▶ Exercise objective: Transcribe the stretch of entries below from the line with "Data Access in" through the line with "Adolescents - Live", exactly and with both ends included; leave out all other lines.

▶ Information shown:
###

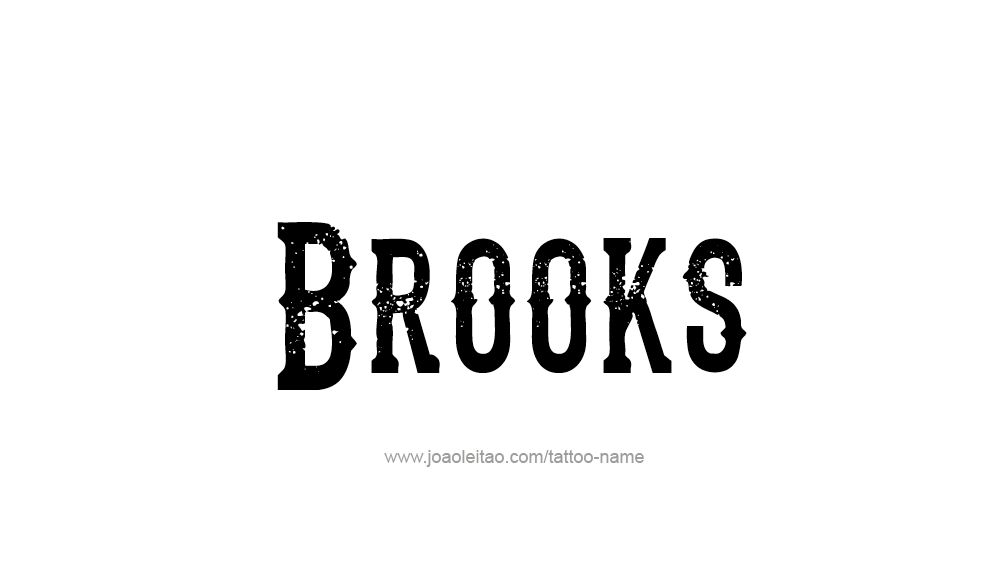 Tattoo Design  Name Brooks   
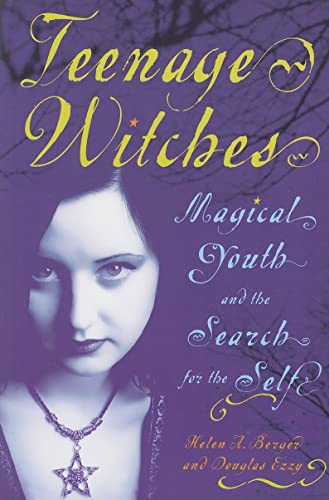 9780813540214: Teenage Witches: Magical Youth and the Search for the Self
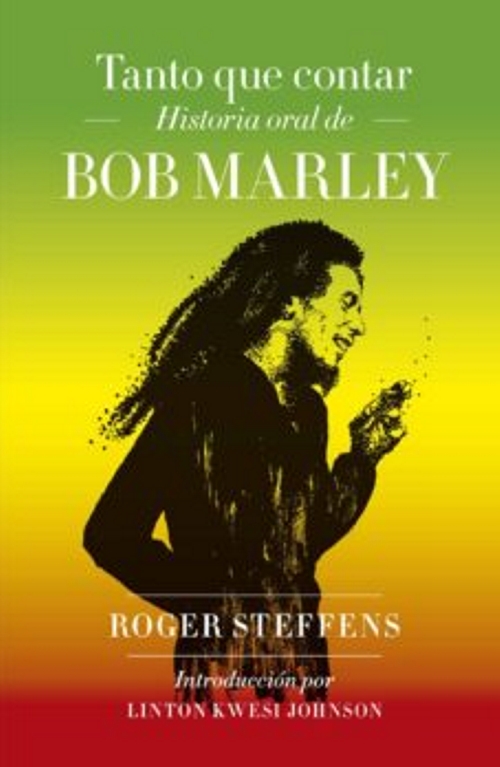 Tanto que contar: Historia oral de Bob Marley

###

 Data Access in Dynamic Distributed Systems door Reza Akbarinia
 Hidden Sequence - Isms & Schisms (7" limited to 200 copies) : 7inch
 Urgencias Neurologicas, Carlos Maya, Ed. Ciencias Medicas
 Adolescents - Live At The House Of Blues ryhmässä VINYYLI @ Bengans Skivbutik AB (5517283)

###

▶ Task output:
 Data Access in Dynamic Distributed Systems door Reza Akbarinia
 Hidden Sequence - Isms & Schisms (7" limited to 200 copies) : 7inch
 Urgencias Neurologicas, Carlos Maya, Ed. Ciencias Medicas
 Adolescents - Live At The House Of Blues ryhmässä VINYYLI @ Bengans Skivbutik AB (5517283)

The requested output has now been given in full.